Des thrillers politiques, j'en ai bien plus visionnés – par le biais de séries diverses et variées – que j'en ai lues, mais le mélange enquête criminelle/politique est plaisant d'autant qu'il s'appuie sur une page d'histoire qui m'intéresse et sur une situation actuelle très sensible: il établit un fil rouge entre la fin de la Seconde Guerre mondiale, et la disparition du nazisme, à la situation actuelle des pays européens dont l'Allemagne marquée par la résurgence de cet esprit xénophobe et antisémite, dont on a cru le sort réglé avec Nuremberg, et l'oubli que le temps a entrainé inévitablement. Il y a ici ce côté très addictif, apporté par le personnage de ce mystérieux Blond, Paul, qui coach Tschapieski, l'homme d'action qui gère les situations en sous-main directement en lien et en subordination de la chancelière : le plus parfait des agents secrets, un James bond germanique, qui baroude sur tous les terrains, qui manipule, espionne, jauge et se bat. Un tacticien hors pair.

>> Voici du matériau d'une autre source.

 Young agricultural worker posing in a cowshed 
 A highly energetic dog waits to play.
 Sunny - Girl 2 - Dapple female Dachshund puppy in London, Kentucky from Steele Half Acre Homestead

On pourrait croire que les ficelles sont un peu grosses ou que ce qui se fait au cinéma ou en série manquerait de cohérence dans un livre, pourtant cette armée dématérialisée a bien existé un temps. Et l'année dernière, un projet d'attentat, de la part de l'extrême droite et visant les institutions allemandes, a bien été déjoué ! S'ils ont réussi à bâtir cela en totale liberté, avec un Chancelier allemand tout à fait au courant du fait, on peut se demander jusqu'ou ils ont pu aller vu la volonté de dissimuler tous ces éléments. La volonté de l'autrice a visiblement été de faire un roman alerte et rythmé, les différents chapitres sont divisés en tranches horaires précises, ils se succèdent (14 mai puis 15 mai) et sont entrecoupés de flash-back pour restituer les origines de ce fameux Prince. Il est question de groupuscules, de partis politiques, d'une armée, mais c'est avant tout l'histoire d'une famille, du père et d'une lignée, celle du Prince.

Comment devenir un prince ? C'est l'obtention du pouvoir à laquelle on assiste ici, du moins les grandes tentatives : embrouiller, déstabiliser, mentir, propager, attiser, toutes les bonnes vieilles méthodes de manipulation, comme chez Machiavel, tout est évidemment de dénuer de moral pourvu que les résultats soient là. Un Prince directement inspiré par l'auteur et le partisan nationaliste italien Gabriele d'Annunzio, celui-là même qui s'empare de Rijeka/Fiume pour y fonder son propre état libre et indépendant. Ce roman se révèle étrangement prophétique de l'équilibre très précaire d'une nation, qui ploie elle aussi sous les tensions nationalistes. Lesquelles se refont un nouveau visage, et ont repris une force nouvelle, peut-être à cause de cet écho qu'ils perçoivent chez leurs voisins rongés par les mêmes maux.